Can a bad tree produce good fruit? Or, does the tree need to be made good so that the fruit it produces is good. Jesus said that it is impossible for a bad tree to produce good fruit and that without Him it is impossible to do anything. Or as John the Baptist demanded, “Bring forth therefore fruits meet for repentance.” Do those who do not know Christ yet, have Christ with them so that they can do righteousness and bring forth fruit in keeping with it? He said not, for it is impossible that before he is the root that the tree will produce the fruit. So the question is for you to demonstrate how is it that God forsees the actions of a bad tree that is able to produce good fruit without first making the tree good? And if it is he who makes the tree good so that it will produce good fruit doesn’t he only make some good? Or, does he make all good, and if that is the case, how do any produce bad fruit?
I would like to know the answer to Nathan’s question. Are you RC? Or, are you another form of semi-Pelagian? Do you believe man merits his salvation and that God elects him to it based upon some foreseen action? As Nathan asks, do you believe that it is at least partially founded in you that you are saved? Or, to reference Ezekial, is it the heart of stone that willingly obeys the commandments and ordiances of God, or is it the heart of flesh which God first places in man so that he will obey? Why does it say that God will cause them to walk in his statutes? Why does Isaiah say that it is God who causes men to not walk in his statutes and to wander away into disobedience? Do you think that a sinful heart can make the righteous plea for mercy? Do you think that it would want to? (Romans 8:6-8) Why does Scripture say “Return to me for I have redeemed you,” if indeed redemption is found only by your first returning?
If God does not take pleasure in condemning the wicked why are any condemned?
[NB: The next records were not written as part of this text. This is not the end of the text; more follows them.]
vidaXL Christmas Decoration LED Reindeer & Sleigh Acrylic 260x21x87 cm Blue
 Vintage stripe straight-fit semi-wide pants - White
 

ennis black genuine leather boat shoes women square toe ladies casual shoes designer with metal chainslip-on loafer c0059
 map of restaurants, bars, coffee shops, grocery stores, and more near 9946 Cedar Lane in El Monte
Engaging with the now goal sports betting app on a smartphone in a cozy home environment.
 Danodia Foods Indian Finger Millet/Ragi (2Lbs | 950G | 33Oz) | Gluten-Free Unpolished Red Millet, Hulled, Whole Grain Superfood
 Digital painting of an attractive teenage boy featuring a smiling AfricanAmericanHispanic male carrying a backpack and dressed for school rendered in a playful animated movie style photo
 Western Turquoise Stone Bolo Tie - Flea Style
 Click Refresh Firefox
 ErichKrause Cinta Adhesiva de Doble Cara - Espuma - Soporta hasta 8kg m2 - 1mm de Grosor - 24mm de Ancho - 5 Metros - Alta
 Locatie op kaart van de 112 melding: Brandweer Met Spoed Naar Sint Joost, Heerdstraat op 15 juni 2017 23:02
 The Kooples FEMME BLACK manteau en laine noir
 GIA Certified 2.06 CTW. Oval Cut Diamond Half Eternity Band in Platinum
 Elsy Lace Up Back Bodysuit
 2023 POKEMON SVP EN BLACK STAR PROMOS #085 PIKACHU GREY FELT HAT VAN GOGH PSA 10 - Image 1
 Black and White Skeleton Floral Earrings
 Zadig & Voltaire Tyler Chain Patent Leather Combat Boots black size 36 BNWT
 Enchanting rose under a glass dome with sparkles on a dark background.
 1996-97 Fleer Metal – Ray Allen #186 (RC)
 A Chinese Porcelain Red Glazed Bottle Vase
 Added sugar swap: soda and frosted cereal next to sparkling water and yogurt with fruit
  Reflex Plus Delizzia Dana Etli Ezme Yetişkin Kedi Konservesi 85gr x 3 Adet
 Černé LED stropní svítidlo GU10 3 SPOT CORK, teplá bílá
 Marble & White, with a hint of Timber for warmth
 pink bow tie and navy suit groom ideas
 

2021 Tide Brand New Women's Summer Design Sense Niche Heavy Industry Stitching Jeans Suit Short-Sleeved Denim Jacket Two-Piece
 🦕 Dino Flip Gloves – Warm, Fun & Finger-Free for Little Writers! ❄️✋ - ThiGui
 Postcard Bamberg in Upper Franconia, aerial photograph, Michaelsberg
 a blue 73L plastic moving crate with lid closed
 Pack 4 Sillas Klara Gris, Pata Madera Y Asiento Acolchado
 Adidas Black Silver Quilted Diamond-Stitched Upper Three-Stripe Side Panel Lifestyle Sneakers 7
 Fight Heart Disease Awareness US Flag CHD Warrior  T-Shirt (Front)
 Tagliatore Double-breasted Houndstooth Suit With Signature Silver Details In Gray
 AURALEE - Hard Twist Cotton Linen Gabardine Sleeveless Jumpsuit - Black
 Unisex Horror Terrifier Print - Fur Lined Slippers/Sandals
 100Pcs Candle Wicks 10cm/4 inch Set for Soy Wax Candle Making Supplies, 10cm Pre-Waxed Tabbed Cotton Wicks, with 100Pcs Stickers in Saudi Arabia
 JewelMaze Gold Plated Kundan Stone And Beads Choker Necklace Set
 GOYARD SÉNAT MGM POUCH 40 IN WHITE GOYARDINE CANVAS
Is he pleased when righteous judgement is prosecuted? Could Ezekial be saying that he is not pleased when men do not repent? Is the plea of Ezekial coextensive with all who are lost? The reality is that:
does not say that God wants all men everywhere to come to repentance. What it does say is that God is not pleased when they do not. It is directed at Israel and is restricted to them in context just as the “God desires all to come to repentance” in the NT is restricted to the limitations of the contexts within which they are stated. Beyond that, the Gospel is limited in scope in that it is only through faith in Christ Jesus that men are saved, and the fact is that from the beginning many have not heard nor will many in the future hear. Now either God, through the Gospel, is incompetent, or he purposely limited the Gospel to those who would hear. Further, Jesus said that not all who hear the words of the Gospel can hear the meaning of it because if they could they would turn and repent. IOW, he purposely limited the understanding to the disciples, Luke 8:10. God did this, and Jesus is referencing Isaiah 6 where is it stated that God limited the scope of the Gospel to only those to whom understanding is given to prevent some from turning and being saved. Jesus has drawn the circle around his sheep who hear his vioce. By doing so God has limited the ability of men to exercise free-will.
Do you believe this:
So, we have a dilema. God does not take pleasure in the death of the wicked, and surely that is true of a righteous judge and executioner. God is not a sadist, and yet has been well pleased to create them for the very purposes of his will. It is true that all who call upon the Lord will be saved, but God alone creates the understanding of the mind and the fruit of the lips, for good or bad. Knowing now, that you are not and idiot, please elucidate and reconcile the these truths for us.
You said:
I agree with the statement, if we can get some definition here. What do you mean by Gospel? Do you mean men, as in collective mankind, or men individually? If Jesus died for the sin of the world, was it enough for all sin, or was it an incomplete sacrifice and another is needed to save, like one’s free-will offering? Could you explain this? Are you saying that men, meaning each one individually, becomes sinful by choice? Or, just that Adam, representing all mankind chose for us without our wills being involved, and by that all men are declared to be sinful and will sin having no other choice? (Romans 5:18) So, is the true Gospel that man is born neutral, or innocent, and chooses to becomes sinful, or is it that men, individually do not choose to be sinful but are sinful because of the choice of Adam whose guilt and sinfulness is imputed to us?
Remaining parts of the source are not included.